Depuis une dizaine d'années, les marges de nos entreprises se dégradent inexorablement, au point que la balance commerciale de la France accusait un déficit de 71 milliards d'euros en 2011. Nous sommes entrés dans une spirale infernale, la réduction des marges des entreprises entraînant ipso facto la réduction de l'autofinancement, qui entraîne à son tour la dégradation de la note des entreprises cotées, un enchérissement du coût du capital et de ce fait une diminution de l'investissement.
Pour sortir notre économie de ce « vortex », Il faut absolument réindustrialiser notre pays, car c'est en grande partie l'industrie qui tire les services, et pour cela améliorer notre compétitivité. Reste à déterminer quels sont les facteurs de cette compétitivité.
L'« Approche de la compétitivité française », déjà évoquée, est très éclairant sur ce point en ce qu'elle analyse tous les facteurs, qu'il s'agisse de la compétitivité « coût » ou « hors coût ». Vous ne serez pas étonnés d'apprendre que ce document insiste sur les facteurs de compétitivité « hors coût », tels que la R & D, la qualité du service, le service après-vente ou la dynamisation des exportations. Les facteurs de la compétitivité « coût » jouent, bien évidemment, leur rôle, mais de manière différenciée selon les secteurs d'activité. Si on se limite au secteur industriel, les différences des coûts de production entre les grands pays industriels de l'Union européenne ne sont pas considérables. Le problème de notre industrie automobile est lié à son positionnement en gamme.

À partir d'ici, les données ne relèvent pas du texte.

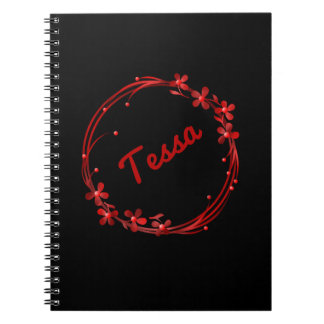 Caderno Espiral Nome personalizado do monograma floral vermelho-ci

Cela étant, nous pensons qu'on n'échappera pas à une réforme du financement de la sécurité sociale. Cela fait déjà une dizaine d'années que nous plaidons pour une cotisation sociale sur la consommation (CSC), afin de desserrer les contraintes qui pèsent sur le coût du travail et d'assurer un financement fléché et pérenne de la sécurité sociale. Un salarié, en situation instable, mal soigné, est moins productif, contribuant ainsi à la dégradation de la compétitivité. De ce point de vue, les PME-PMI sont très désavantagées par rapport aux grandes entreprises, alors qu'elles constituent le premier gisement de croissance et d'emploi.
L'accord sur la sécurisation de l'emploi traduit une approche pragmatique des questions sociales : il ne fait que généraliser ce qui se fait déjà dans bon nombre d'entreprises. Nous insistons notamment sur la nécessité d'associer en amont les salariés aux décisions des conseils d'administration.
Il ne faut pas négliger les raisons d'espérer. La France a des atouts, dans le domaine de l'énergie, en matière d'infrastructures ou dans le domaine de la formation, notamment supérieure. Ce dont nous avons besoin pour améliorer la compétitivité de nos entreprises, c'est d'une vision de long terme. En effet, les investissements très capitalistiques nécessitent de la stabilité fiscale et législative et une simplification de la réglementation : c'est crucial pour nos PME-PMI, qui n'ont pas les moyens de faire face à l'inflation des normes.
Les pôles de compétitivité sont également à compter au nombre des raisons d'espérer, surtout s'ils deviennent des lieux de formation. Il faut créer plus de passerelles entre les grandes écoles et les universités et développer la formation continue et la formation initiale, notamment la formation en alternance et l'apprentissage, sur le modèle de nos voisins allemands. Ces formations doivent s'inscrire dans une gestion prévisionnelle des emplois et des compétences au niveau des bassins d'emplois, dans la perspective de futures restructurations et redéploiements auxquels nous n'échapperons pas.
Le CICE nous paraît également un point positif, et pas trop compliqué à mettre en oeuvre pour redonner de l'oxygène aux PME-PMI. De même, la création de la BPI va dans le bon sens.
Nous devons par ailleurs exploiter cet autre atout que constitue la forte capacité d'épargne des Français. Il faut notamment favoriser l'épargne longue, les investissements productifs s'inscrivant dans une logique de long terme.
Nos efforts en matière de compétitivité doivent prendre en compte le champ de contrainte au niveau européen, notamment les asymétries fiscales et sociales. Nous devons tout mettre en oeuvre pour assurer la convergence de nos économies. La compétitivité tant vantée du modèle allemand est due à une diminution phénoménale en dix ans du coût du travail en Allemagne, à l'origine d'une augmentation significative du taux de pauvreté dans ce pays, au point que certains envisagent la création d'un salaire minimum.
En France, l'augmentation des salaires est insuffisante, notamment au regard du coût du logement, qui constitue un problème récurrent depuis une dizaine d'années, se traduisant par une dérive effarante des loyers qui réduit d'autant le reste à vivre dans le pouvoir d'achat des ménages. Malheureusement, la dégradation de l'excédent brut d'exploitation des entreprises françaises ne laisse guère espérer une évolution positive sur ce point.